Female Welders Fight Misconceptions

More Women Entering Male-Dominated Field as Demand for Welders Continues To Grow

ST. AUGUSTINE, Fla. (AP) — Diana Matykunas and Jennifer Nardone made a decision not many other women make in this day and age. They got into welding.

Welding is the joining together of materials by causing surfaces to reach their melting points and uniting them by hammering, compressing or otherwise. It’s a discipline marked by high heat, heavy metal and the potential for danger.

It is also misconceived. “You’ve gotta get the (idea) out of your mind that there is a man’s world or a woman’s world,” said Matykunas, 46. “This is anybody’s world and women can actually dominate if they get beyond that initial hesitation.”

After her kids graduated from Bartram Trail High School, Matykunas told her husband she was done being a stay-at-home mom. She enrolled in the welding program at First Coast Technical College in February.

Don Modesitt, welding instructor at FCTC, said women working in what are thought to be traditionally male-dominated trades is nothing uncommon.

“Think back to World War II and the building of ships and everything for the war effort,” he said. “That was pretty much all women doing that work.”

Nardone, 21, started in June and came to class on the first day wearing shorts and a tank top.

“I definitely didn’t know what I was getting into,” she said. “There’s so much depth in welding that people don’t know about.”

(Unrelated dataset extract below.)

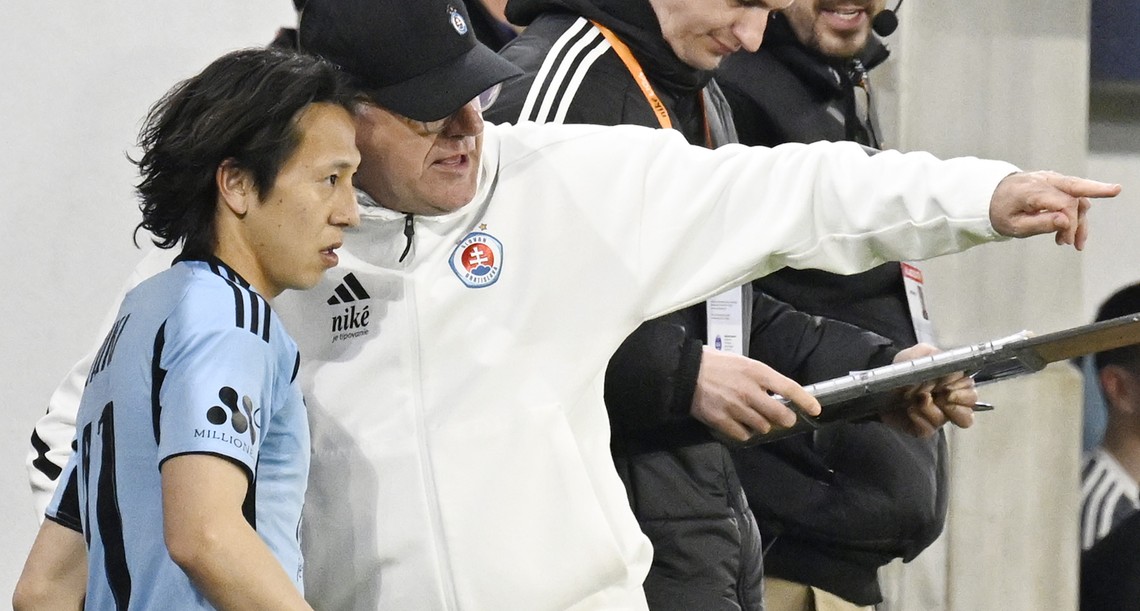 Na Weissa spravil dojem prvou vetou. Japonský Kanté berie Slovan ako poslednú šancu uspieť (rozhovor)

Nardone had gone to the University of Central Florida to pursue a degree in nursing but decided it wasn’t for her. She saw a commercial for FCTC and was surprised to see the selection. Welding stuck out to her as something she wanted to try.

“I love making things and creating with my hands,” she said. “I eventually want to have my own business, not just welding, but kind of as a ‘fix-it-all’ for cars or planes or houses.”

She said welding would also help her pursue art using industrial materials. But in the meantime, it isn’t all just fun and games.

“It hurts when you get burned, but you get used to it after a while,” she said.

Each weld is different and requires a different position, angle and technique. A lot of the learning process is trial and error.

“It’s like a musical instrument,” Matykunas said. “Some songs click faster than others.”

Modesitt said welding requires having a plan going in and executing it with precision. Even natural talent can fall to the wayside without the know-how. “It takes academics to do this,” he said, adding that Nardone and Matykunas have excelled in class.

“I think because they do such a good job, there’s nothing to tease about,” he said. “It’s more like the guys are trying to catch up.”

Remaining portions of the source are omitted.